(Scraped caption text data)

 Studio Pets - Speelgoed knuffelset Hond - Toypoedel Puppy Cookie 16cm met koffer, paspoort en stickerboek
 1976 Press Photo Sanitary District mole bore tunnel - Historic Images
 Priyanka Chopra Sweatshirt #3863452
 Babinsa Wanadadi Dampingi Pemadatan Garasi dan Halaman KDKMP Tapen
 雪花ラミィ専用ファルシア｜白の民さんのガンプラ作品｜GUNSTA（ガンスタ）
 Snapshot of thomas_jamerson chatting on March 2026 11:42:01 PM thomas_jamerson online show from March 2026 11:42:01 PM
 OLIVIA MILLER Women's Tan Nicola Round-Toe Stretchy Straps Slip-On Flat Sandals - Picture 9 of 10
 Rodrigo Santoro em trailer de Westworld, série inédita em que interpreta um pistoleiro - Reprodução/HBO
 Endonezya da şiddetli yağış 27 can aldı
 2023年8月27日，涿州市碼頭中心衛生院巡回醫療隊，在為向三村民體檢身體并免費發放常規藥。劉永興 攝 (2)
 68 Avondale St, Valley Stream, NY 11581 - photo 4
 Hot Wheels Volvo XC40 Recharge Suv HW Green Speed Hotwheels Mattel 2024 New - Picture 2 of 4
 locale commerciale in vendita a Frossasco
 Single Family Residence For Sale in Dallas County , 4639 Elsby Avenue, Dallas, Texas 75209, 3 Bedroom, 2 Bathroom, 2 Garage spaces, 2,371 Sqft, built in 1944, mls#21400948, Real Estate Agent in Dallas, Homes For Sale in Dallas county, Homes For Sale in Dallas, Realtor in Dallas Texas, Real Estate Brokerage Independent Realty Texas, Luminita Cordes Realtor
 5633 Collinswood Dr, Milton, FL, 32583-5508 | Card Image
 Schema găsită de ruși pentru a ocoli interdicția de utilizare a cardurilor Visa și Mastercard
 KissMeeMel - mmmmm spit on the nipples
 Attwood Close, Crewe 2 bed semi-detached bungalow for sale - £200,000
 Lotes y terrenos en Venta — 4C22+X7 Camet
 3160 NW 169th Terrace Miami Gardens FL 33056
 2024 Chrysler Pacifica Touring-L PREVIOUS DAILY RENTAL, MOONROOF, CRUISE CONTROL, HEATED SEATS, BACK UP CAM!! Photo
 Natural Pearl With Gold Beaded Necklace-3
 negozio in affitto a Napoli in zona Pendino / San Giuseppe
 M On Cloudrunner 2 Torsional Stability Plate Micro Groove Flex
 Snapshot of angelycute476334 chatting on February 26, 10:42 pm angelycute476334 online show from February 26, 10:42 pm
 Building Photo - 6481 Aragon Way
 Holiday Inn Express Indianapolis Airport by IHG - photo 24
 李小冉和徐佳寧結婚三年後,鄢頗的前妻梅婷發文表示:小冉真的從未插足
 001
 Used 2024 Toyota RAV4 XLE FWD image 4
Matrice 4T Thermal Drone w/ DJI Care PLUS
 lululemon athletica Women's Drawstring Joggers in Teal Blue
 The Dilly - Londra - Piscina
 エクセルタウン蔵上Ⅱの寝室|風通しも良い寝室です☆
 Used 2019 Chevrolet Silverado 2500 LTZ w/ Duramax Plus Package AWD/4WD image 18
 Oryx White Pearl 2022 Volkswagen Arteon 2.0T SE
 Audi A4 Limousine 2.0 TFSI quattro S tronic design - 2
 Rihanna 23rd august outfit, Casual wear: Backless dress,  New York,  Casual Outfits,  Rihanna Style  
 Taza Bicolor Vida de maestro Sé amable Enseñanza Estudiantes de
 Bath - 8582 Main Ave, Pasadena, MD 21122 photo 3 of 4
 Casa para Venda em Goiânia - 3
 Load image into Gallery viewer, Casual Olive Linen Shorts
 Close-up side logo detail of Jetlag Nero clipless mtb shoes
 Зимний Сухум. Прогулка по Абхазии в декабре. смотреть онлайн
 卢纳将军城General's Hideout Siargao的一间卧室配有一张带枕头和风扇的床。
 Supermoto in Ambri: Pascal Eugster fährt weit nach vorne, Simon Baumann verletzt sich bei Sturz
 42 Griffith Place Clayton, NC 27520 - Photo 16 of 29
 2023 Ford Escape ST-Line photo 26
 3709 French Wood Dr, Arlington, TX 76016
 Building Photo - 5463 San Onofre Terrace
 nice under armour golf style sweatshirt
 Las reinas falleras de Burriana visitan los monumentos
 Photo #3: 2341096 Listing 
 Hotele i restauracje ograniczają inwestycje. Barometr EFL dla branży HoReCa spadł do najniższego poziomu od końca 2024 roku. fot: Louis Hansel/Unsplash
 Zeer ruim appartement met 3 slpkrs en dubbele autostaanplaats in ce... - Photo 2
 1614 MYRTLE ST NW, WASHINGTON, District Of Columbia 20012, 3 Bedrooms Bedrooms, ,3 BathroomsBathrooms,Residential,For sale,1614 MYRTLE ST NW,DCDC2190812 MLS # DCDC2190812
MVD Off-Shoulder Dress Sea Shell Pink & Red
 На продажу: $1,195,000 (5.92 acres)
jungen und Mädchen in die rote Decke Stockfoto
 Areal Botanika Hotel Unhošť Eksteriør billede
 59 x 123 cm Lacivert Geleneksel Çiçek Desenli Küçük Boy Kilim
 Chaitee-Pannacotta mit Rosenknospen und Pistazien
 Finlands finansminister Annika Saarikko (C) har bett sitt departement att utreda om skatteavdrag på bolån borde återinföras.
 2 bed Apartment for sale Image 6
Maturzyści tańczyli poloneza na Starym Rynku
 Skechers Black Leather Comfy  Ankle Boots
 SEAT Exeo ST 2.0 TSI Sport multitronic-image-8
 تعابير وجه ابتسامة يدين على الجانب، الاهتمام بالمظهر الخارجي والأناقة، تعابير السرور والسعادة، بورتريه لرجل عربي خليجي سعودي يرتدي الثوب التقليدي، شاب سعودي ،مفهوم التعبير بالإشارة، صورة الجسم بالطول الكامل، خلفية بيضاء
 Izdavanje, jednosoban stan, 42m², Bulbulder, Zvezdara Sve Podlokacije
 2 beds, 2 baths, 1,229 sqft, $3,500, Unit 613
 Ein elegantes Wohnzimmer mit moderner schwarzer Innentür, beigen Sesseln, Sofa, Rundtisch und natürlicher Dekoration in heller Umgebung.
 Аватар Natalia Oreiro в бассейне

◆ **Try it**
Your task is to quote the lines above, beginning with the first and ending with the one that holds "Hot Wheels Volvo".

◆ **Exercise solution**
 Studio Pets - Speelgoed knuffelset Hond - Toypoedel Puppy Cookie 16cm met koffer, paspoort en stickerboek
 1976 Press Photo Sanitary District mole bore tunnel - Historic Images
 Priyanka Chopra Sweatshirt #3863452
 Babinsa Wanadadi Dampingi Pemadatan Garasi dan Halaman KDKMP Tapen
 雪花ラミィ専用ファルシア｜白の民さんのガンプラ作品｜GUNSTA（ガンスタ）
 Snapshot of thomas_jamerson chatting on March 2026 11:42:01 PM thomas_jamerson online show from March 2026 11:42:01 PM
 OLIVIA MILLER Women's Tan Nicola Round-Toe Stretchy Straps Slip-On Flat Sandals - Picture 9 of 10
 Rodrigo Santoro em trailer de Westworld, série inédita em que interpreta um pistoleiro - Reprodução/HBO
 Endonezya da şiddetli yağış 27 can aldı
 2023年8月27日，涿州市碼頭中心衛生院巡回醫療隊，在為向三村民體檢身體并免費發放常規藥。劉永興 攝 (2)
 68 Avondale St, Valley Stream, NY 11581 - photo 4
 Hot Wheels Volvo XC40 Recharge Suv HW Green Speed Hotwheels Mattel 2024 New - Picture 2 of 4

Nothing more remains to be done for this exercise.